One should always keep in mind, however, that the biblical handing-over, when applied to the continuity of historical experience as an experience of interpersonal relations, is based, originally and permanently, on a covenantal relationship between a deity and its devotee. Indeed, there is only one Deity Who cannot be thought of in any abstraction from His covenantal relationship with His chosen people. He is, as He presents Himself, the God of Abraham, Isaac, and Jacob.

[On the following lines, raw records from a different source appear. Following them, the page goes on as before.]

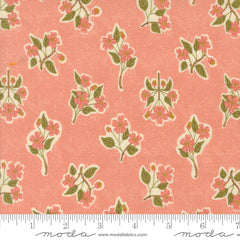 Ladybug Whimsy Zinnia Apple Blossom Metallic Yardage by Gingiber for Moda Fabrics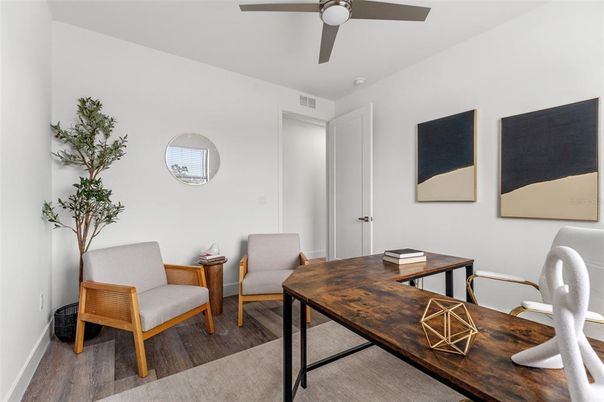 Home Office, Interior, Wood Texture Flooring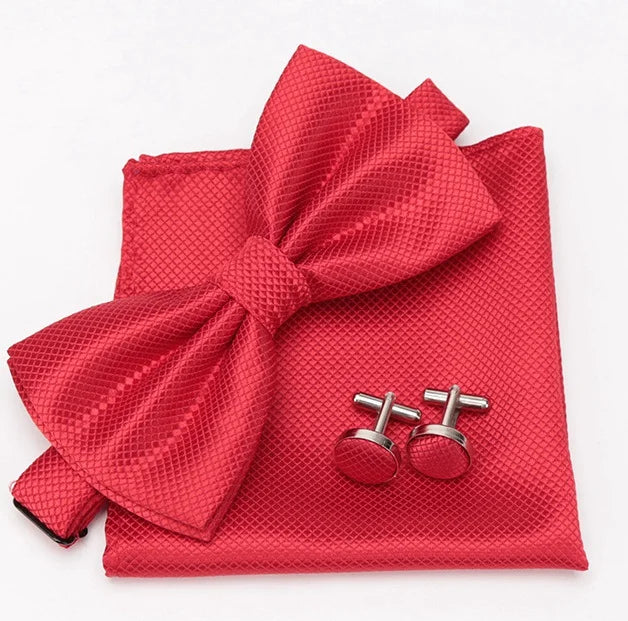 Ensemble Homme Nœud Papillon – Cravate, Boutons de Manchette & Pochette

Finally, this paper will address the significance of considering the biblical tradition from this point of view, as well as the basic relevance of this tradition to modern culture. It is particularly relevant that the biblical notion of tradition is rooted in a covenantal relationship with the God of Israel, and that each new biblical covenant, being a “natural” continuation of previous ones, is not based on a promise of recapitulation of the initial uncorrupted situation, but instead on opening principally new horizons, or, put in Isaiah’s words, the unheard-of promise of a new earth and new heavens. Through a covenantal relationship with the Deity, a devotee of biblical religion must accept full responsibility for the relations by which this promise of newness will be fulfilled. The logic of this tradition does not involve mere recapitulation. It is the logic of a creature who is a partner with a Creator qua Creator. It is the logic of life that is completing creation.